Wohnanlage "Wien 02., Obere Augartenstraße; Wien 22., Mühlgrundgasse"

ein 1. Preis / Gewinner / Mühlgrundgasse

Pichler & Traupmann Architekten

Architektur

AUFBAU Gemeinnützige Bau-, Wohnungs- und Siedlungsgenossenschaft

Private Bauherren

Erläuterungstext

WB MÜHLGRUNDGASSE / Text

LEITBILD
„Richtungsweisend“ an der Mühlgrundgasse

Begriff „richtungsweisend“ als thematischer Überbau für ein exponiertes Baugrundstück
Qualitätsanforderung an eine wachsende Stadt = Herausforderung einer ausgeprägten Infrastruktur:
Wohnen direkt an der U-Bahn-Trasse.

Wohnen an der U-Bahn als eine gewissermaßen prototypische urbane Behausung - Herausforderung und Potential

Respektvolles Zusammenleben und Vernetzen vielfältiger Haushaltsformen – in einer zugegebenerweise „harten“ urbanen Umgebung mit differenzierten Bezügen
Ruhe und Privatheit, als auch zwanglose Begegnung und Kommunikation soll hier realisiert werden

Die zentralen Qualitätsbausteine:
► Architektur als Spannungsfeld von richtungsbezogener Offenheit zu individuellem Rückzug
► Kostengünstige, smarte Wohnungen für jedes Alter
► Zielgruppenorientierte Angebote für neue Wohnformen
► Vielfältige Nutzeroberflächen auf der Erdgeschoßebene für soziale Interaktion
► Unerwartete gemeinschaftsbildende Blickbezüge


1. ARCHITEKTUR | STÄDTEBAU
__Der Bauplatz: Der Einschnitt der U-Bahn-Trasse
Grundstück geprägt durch die markante Lage an der U-Bahn-Trasse der U2
abgekoppelte Position … damit in seiner AusRICHTUNG grundlegend eingeschränkt.

__Gebäudestruktur: Zwei im Dialog
Einzelobjekte in ihrer Beziehung und Ausrichtung zueinander als eine dialogische Struktur
Hof als Dreh- und Angelpunkt auch die soziale Mitte

__Erschließung und Freiraum: Richtungsbezogene Öffnung des Ensembles
Hof öffnet sich in wohldosierter Weise zum Straßenraum, als auch zu jenem Anteil des Grundstücks, der unterhalb der U-Bahn-Trasse liegt.
Erschließungsbereich von der Mühlgrundgasse her
Der zweite Anknüpfungspunkt des Hofes orientiert sich zum Jugendspielplatz

__ Die hängenden Gärten: Südausrichtung schafft Gemeinschaft
Der scheinbare Nachteil des Grundstückes – nämlich die Südausrichtung der Objekte direkt auf die U-Bahn-Trasse - wird zu einem maßgeblichen positiven Faktor.

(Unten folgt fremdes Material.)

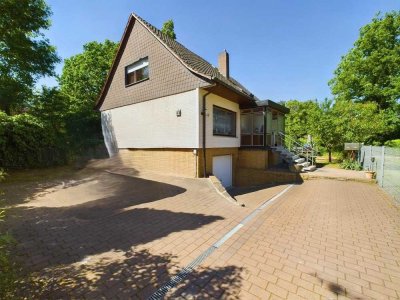 Einfamilienhaus mit Garten in der Nähe vom Flughafen Langenhagen mit EBK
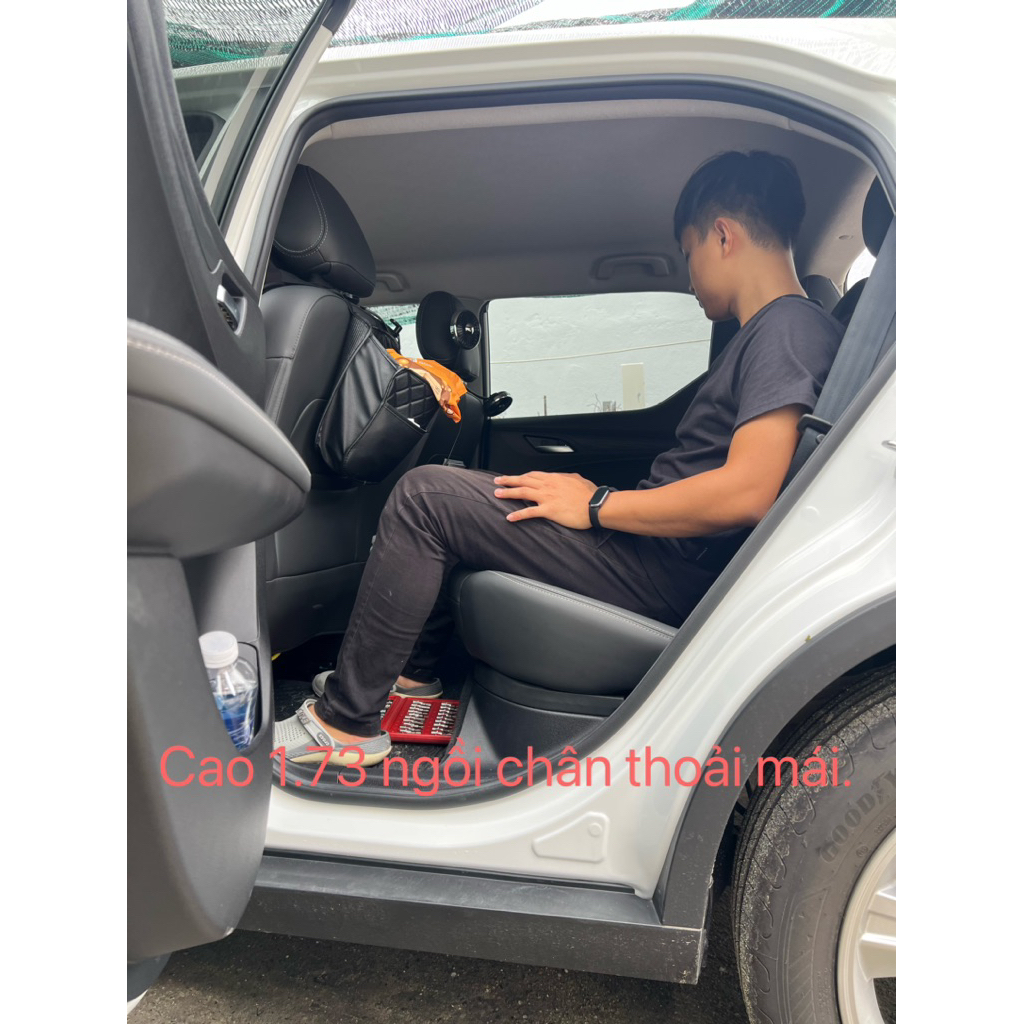 nâng ghế hàng sau xe vf5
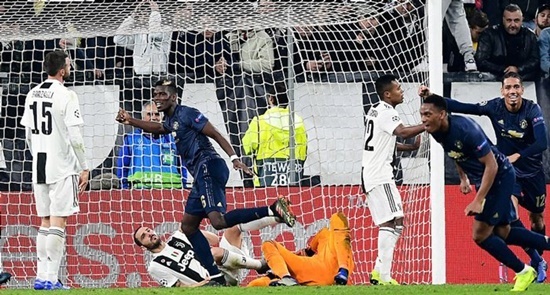M.U lội ngược dòng ngoạn mục trên sân Juventus dù Ronaldo ghi bàn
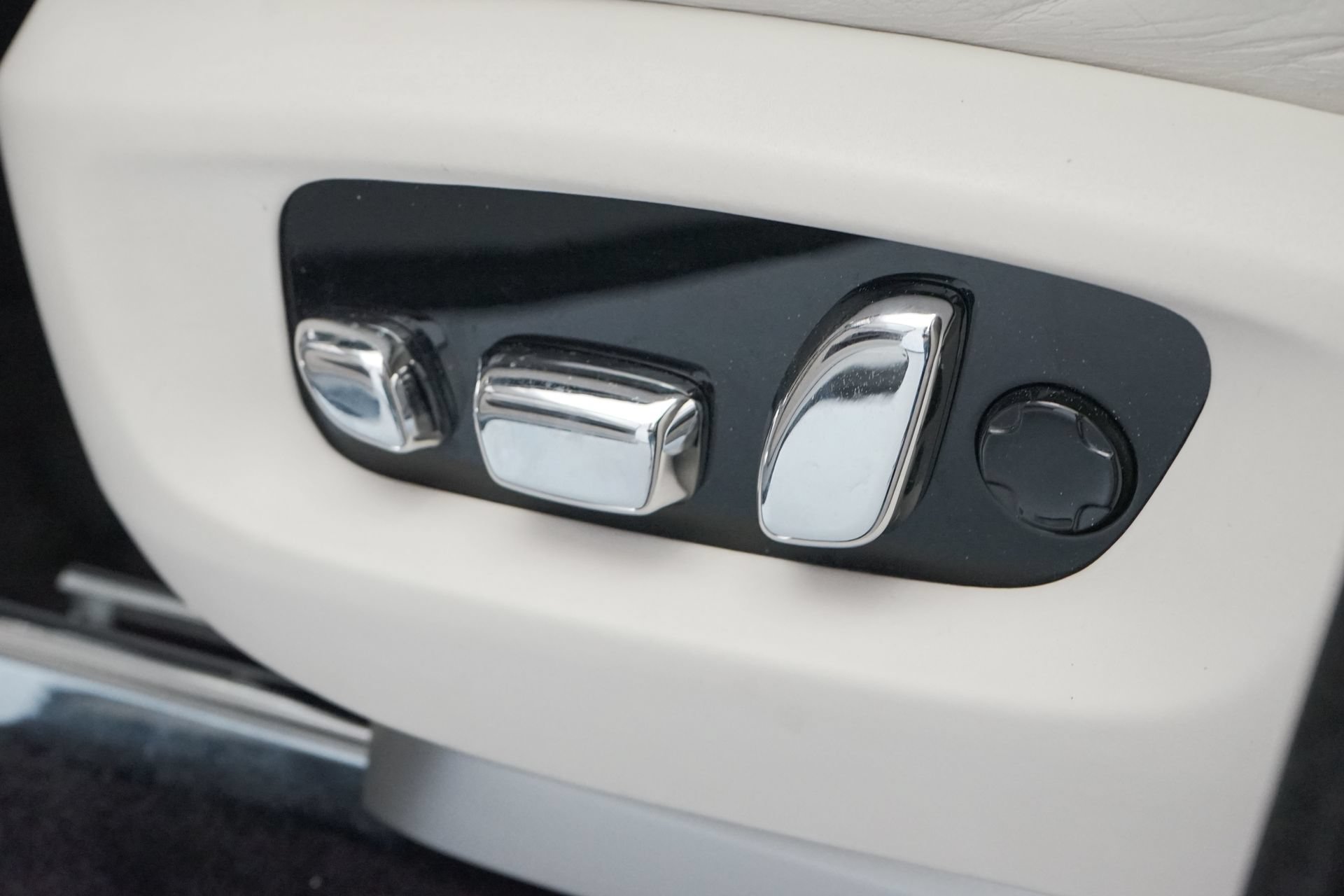 Used 2019 Rolls-Royce Cullinan AWD/4WD image 34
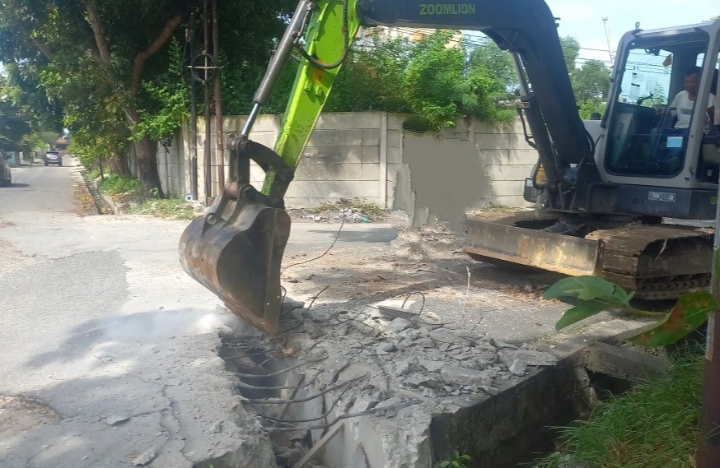 Polemik Pembayaran Proyek, Semenisasi Jembatan di Pekanbaru Dibongkar Kontraktor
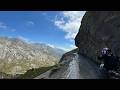 Szene aus dem Motorrad-Reisevideo „4 Freunde auf den gefährlichsten Schotterstraßen der Alpen" in Frankreich, Italien – Bild 3 von 3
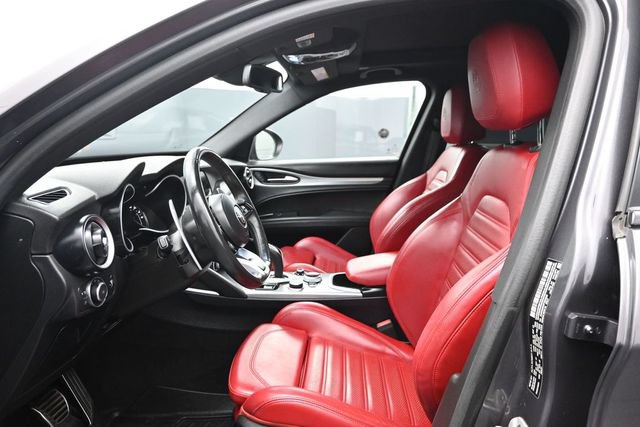 Used 2023 Alfa Romeo Stelvio Veloce AWD/4WD image 6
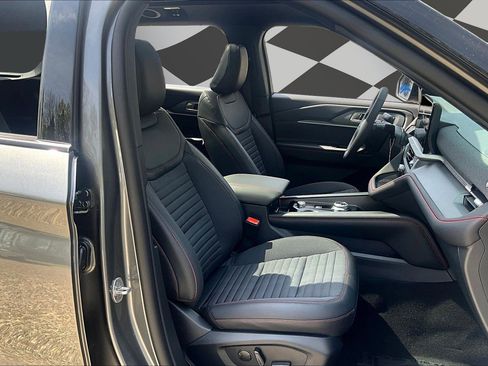 New 2026 Ford Explorer ST-Line AWD/4WD image 30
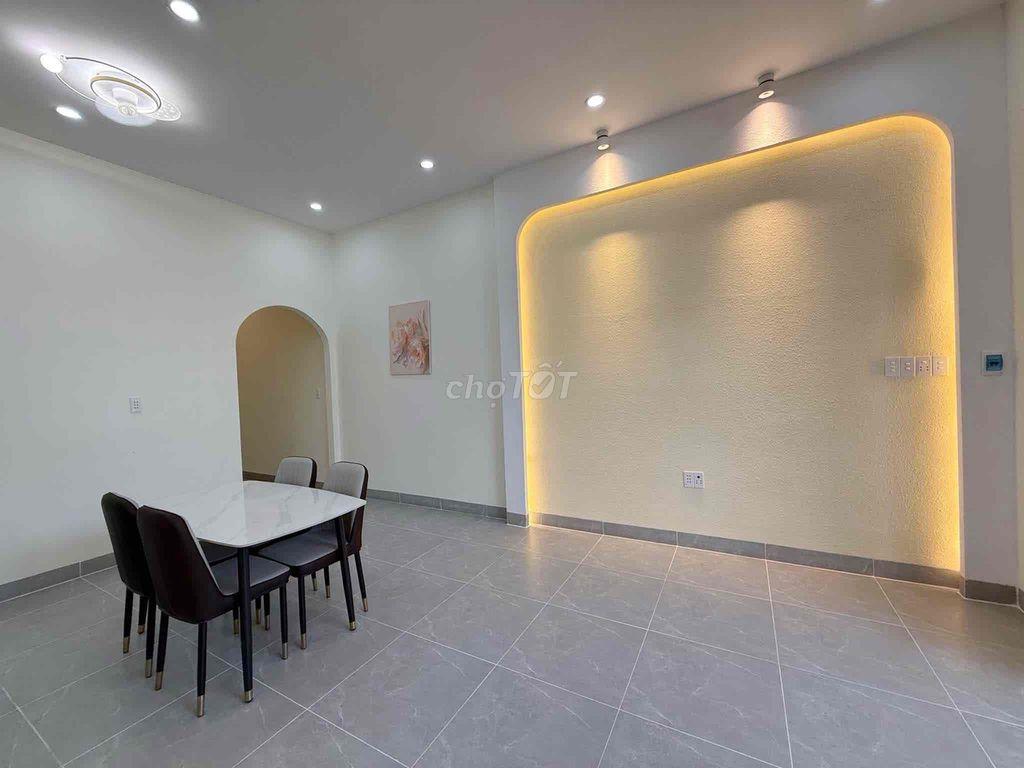 cần bán nhà đẹp - vị trí đẹp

Richtung Süden werden für beide Baukörper in den oberen Geschoßen offene, allgemein zugängliche Gemeinschaftsflächen als Sonnen- und Ausblickterrassen mit „hängenden Gärten“ vorgesehen. Der Genuss der Südausrichtung wird somit zu einem gemeinschaftsbildenden Generator dieses Ensembles.

__ Die Wohnungen: Nutzer- und bedarfsorientiert
Die Wohnungstypologie ist vielfältig angelegt, wobei ein ausgeprägtes Smart-Wohnungskonzept ausgearbeitet wurde. Die sich neigenden Hoffassaden bewirken eine graduelle Stufung der Wohnungsgrößen und Zuschnitte, sodass trotz der Kompaktheit der Geometrie einem gewissen Spiel der Flächen und Anordnungen Vorschub geleistet wird. Die Möglichkeiten sind in einem größeren Maßstab ausgearbeitet.
Die Wohnungen weisen damit in ihrer Vielfalt ein breites Angebot für unterschiedliche Nutzergruppen auf. Auch innerhalb der jeweiligen Typen sind Varianten für diverse Funktionsanordnungen ausgewiesen. Es werden auch i.S. des generationenübergreifenden Zusammenlebens z.B. Wohngemeinschaften für alleinstehende bzw. ältere Personen angeboten, die sich dadurch auszeichnen, dass individuelle Einzelzimmer mit Wohn-/Schlaf- und Sanitär¬bereich ausgebildet sind und an einen Gemeinschaftsteil von Eingangszone/Kochen/Essen angeschlossen sind.

__ SMART Wohnen: Vielfalt trotz Kompaktheit
In ähnlicher Weise wie die Grundtypen funktionieren auch die SMART-Typen entsprechend ihrer Anordnung und Ausrichtung und ermöglichen trotz der Kompaktheit der Funktionen eine Vielfalt an unterschiedlichen Möglichkeiten.


2. SOZIALE NACHHALTIGKEIT
__Kompakte Bauweise mit differenziertem Wohnungsangebot
SMART-Typen in mehreren Varianten
unterschiedliche Wohn¬kulturen und Wohnformen: Wohngemeinschaften für ältere Menschen oder sonstige „Shared-Space-Communities“.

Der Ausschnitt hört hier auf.